Хрустит первый лед под ногами в том месте, где вился ручей. Где рваное знамя цепляется в шест из оставшихся сил. И некому снять с лошадей ни подпруг, ни удил.
Штандарты похожи на пятна сырой земли, чернея в снегу, догорая едва видны. Стираются свастики. Темень на их гербах. И тонкая женская шаль обратиться в прах.
У нас побежденных часто сдают в приют, где, сидя в углах не едят и уже не пьют. Где стены без окон, где грязь, потолки текут… А люди застыли, молчат и чего-то ждут.

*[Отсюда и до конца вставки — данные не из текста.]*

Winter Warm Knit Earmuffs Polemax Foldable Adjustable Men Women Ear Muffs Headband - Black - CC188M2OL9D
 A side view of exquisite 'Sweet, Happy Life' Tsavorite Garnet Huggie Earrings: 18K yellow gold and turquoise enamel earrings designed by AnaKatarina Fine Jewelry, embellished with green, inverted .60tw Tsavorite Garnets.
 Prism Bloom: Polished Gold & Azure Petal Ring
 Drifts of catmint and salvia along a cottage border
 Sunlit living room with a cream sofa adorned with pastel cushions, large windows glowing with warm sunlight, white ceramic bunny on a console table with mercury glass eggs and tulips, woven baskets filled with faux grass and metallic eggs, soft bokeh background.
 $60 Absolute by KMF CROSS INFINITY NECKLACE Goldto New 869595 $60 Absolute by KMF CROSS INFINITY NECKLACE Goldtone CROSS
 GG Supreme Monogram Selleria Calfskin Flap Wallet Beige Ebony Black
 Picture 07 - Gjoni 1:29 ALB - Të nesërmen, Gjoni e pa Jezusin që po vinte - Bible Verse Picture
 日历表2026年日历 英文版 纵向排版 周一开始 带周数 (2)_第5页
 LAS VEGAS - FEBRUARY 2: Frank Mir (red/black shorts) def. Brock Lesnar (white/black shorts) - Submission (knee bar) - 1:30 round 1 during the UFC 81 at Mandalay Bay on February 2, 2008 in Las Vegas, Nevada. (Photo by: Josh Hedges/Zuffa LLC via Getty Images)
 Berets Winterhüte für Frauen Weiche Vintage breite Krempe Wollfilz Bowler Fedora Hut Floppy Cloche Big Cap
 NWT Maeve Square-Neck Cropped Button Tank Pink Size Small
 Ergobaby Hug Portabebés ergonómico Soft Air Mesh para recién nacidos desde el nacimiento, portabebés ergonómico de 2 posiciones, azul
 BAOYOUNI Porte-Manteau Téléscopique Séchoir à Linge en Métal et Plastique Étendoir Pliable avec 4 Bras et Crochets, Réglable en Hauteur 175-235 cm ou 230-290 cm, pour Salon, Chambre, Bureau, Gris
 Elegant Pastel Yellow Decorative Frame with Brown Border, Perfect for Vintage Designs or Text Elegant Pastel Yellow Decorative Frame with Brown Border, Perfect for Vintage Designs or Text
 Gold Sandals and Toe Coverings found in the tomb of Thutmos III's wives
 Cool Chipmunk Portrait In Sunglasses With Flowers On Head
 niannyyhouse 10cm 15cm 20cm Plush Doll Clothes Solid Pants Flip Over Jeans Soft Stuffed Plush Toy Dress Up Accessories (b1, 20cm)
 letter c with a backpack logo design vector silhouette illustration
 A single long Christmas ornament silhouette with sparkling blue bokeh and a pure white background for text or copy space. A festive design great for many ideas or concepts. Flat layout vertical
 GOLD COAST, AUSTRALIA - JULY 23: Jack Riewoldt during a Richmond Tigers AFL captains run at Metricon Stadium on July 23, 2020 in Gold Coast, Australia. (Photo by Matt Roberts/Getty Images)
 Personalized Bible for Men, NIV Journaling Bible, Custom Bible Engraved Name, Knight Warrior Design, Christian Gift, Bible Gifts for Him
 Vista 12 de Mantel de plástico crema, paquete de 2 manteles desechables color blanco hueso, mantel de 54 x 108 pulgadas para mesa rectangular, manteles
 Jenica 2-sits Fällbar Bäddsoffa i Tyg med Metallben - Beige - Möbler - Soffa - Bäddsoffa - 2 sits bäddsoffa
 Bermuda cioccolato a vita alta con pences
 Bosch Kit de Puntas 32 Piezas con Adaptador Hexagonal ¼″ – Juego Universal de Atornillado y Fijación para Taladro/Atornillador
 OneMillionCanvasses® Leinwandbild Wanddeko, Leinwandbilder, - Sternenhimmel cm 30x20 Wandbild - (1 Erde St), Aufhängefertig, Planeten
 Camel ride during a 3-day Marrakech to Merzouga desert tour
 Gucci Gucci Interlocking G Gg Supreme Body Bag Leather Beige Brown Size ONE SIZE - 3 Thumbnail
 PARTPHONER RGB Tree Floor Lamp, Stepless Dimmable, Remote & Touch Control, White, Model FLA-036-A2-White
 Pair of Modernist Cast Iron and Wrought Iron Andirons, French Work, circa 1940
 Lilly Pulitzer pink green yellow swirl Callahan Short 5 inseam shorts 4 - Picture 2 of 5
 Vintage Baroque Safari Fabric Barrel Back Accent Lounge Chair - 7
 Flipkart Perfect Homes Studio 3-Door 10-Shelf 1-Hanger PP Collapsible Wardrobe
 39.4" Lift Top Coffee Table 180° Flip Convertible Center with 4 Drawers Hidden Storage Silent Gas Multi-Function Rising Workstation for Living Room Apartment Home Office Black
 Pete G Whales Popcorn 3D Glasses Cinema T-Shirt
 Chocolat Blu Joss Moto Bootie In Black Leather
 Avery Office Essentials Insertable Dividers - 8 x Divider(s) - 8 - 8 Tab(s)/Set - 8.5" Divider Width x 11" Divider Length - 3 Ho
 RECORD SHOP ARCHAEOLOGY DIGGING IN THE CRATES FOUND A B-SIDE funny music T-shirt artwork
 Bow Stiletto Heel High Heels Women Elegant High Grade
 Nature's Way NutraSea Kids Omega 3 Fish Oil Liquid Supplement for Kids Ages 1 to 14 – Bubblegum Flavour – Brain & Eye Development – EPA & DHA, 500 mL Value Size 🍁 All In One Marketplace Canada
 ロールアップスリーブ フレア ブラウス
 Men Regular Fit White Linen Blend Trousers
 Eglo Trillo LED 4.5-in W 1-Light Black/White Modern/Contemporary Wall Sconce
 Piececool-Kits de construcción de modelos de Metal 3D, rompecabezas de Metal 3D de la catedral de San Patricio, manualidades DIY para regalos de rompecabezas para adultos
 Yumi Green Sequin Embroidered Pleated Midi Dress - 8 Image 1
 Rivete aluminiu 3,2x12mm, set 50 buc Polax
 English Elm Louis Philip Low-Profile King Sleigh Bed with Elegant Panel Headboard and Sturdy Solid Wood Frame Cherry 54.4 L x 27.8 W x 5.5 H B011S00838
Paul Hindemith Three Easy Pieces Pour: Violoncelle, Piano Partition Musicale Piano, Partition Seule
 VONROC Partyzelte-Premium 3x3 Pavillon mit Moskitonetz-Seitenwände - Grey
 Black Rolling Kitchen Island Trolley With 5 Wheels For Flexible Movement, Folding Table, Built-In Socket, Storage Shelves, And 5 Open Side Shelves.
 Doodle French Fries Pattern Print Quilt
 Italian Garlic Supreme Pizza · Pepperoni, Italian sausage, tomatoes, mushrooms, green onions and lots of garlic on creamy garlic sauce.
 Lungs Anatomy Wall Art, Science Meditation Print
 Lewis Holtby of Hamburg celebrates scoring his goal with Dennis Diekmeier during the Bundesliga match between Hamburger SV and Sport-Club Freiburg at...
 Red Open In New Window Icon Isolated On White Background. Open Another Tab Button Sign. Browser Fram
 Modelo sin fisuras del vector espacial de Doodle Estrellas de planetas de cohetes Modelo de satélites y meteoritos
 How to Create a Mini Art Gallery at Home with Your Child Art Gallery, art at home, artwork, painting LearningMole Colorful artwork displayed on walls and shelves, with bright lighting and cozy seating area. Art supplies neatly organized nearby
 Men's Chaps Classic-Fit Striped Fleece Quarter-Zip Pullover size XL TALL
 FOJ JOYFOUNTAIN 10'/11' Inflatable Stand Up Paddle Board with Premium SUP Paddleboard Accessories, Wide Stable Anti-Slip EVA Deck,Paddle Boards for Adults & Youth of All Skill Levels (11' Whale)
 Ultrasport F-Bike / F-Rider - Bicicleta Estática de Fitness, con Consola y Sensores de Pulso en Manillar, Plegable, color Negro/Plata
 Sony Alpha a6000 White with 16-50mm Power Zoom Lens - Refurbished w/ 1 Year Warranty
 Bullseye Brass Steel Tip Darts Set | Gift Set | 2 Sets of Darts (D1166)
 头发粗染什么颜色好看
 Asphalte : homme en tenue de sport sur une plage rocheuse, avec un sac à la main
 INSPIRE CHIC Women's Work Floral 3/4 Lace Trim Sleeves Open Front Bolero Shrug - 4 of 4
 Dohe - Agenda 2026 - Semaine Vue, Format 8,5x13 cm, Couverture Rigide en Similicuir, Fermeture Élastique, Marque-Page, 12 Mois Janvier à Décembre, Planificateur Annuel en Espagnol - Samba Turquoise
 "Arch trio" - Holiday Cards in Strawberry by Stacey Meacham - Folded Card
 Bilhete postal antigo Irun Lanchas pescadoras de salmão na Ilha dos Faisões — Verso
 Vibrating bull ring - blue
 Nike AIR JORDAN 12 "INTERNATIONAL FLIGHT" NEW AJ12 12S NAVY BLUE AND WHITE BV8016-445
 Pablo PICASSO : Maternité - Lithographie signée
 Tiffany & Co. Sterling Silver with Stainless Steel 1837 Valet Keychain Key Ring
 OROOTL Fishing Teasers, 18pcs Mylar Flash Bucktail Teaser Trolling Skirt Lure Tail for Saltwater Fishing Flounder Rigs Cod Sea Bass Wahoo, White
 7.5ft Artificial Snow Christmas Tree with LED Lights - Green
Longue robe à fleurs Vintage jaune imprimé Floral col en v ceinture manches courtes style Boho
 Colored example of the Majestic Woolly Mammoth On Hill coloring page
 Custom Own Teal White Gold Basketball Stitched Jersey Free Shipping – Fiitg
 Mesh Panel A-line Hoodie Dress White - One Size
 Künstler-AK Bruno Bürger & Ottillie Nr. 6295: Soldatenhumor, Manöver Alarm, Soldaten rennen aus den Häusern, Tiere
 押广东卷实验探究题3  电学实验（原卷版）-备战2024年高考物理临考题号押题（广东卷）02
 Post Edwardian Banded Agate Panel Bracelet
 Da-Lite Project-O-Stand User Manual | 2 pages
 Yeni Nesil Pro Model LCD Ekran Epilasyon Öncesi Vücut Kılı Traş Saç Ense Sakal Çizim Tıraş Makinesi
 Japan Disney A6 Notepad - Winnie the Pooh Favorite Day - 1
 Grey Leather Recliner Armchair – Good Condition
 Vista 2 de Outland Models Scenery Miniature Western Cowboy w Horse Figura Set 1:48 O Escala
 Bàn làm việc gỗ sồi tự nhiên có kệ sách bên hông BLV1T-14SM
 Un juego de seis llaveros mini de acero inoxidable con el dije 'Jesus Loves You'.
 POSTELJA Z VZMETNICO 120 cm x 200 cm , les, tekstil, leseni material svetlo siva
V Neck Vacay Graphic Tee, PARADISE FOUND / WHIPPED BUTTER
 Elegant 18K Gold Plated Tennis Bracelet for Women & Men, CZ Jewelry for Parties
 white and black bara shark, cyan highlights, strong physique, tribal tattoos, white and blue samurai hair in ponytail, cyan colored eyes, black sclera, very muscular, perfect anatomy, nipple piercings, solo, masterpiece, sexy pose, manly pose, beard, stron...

Им хочется видеть, как входит в дверной проем погибший товарищ, отец, командир и брат. Но долог их путь и сотня дверных замков уже никогда никого не вернет назад.
У нас победители редко до ста живут. Немного за двадцать шеренгой идут домой. Спешат похоронки, которых уже не ждут, что сын ваш погиб, но радуйтесь, он герой.
Мы этих героев пишем с чужих икон, в которые верили предки, наш темный люд. А сами не верим, не крестимся, не поем. За это бесплатно нас, может быть, погребут. За это нам выдадут, может быть сух-паек, и все прод раскладки и вверенный коммунизм… нас будут хвалить за то, что вот так живем. И сколько еще нас будут похоже жить?
Декабрь дрожит, Бог год засчитал за два. И медленно-медленно он подошел к концу.
А рваное знамя ветер сорвал с шеста, и бросил на площадь, где раньше стоял приют.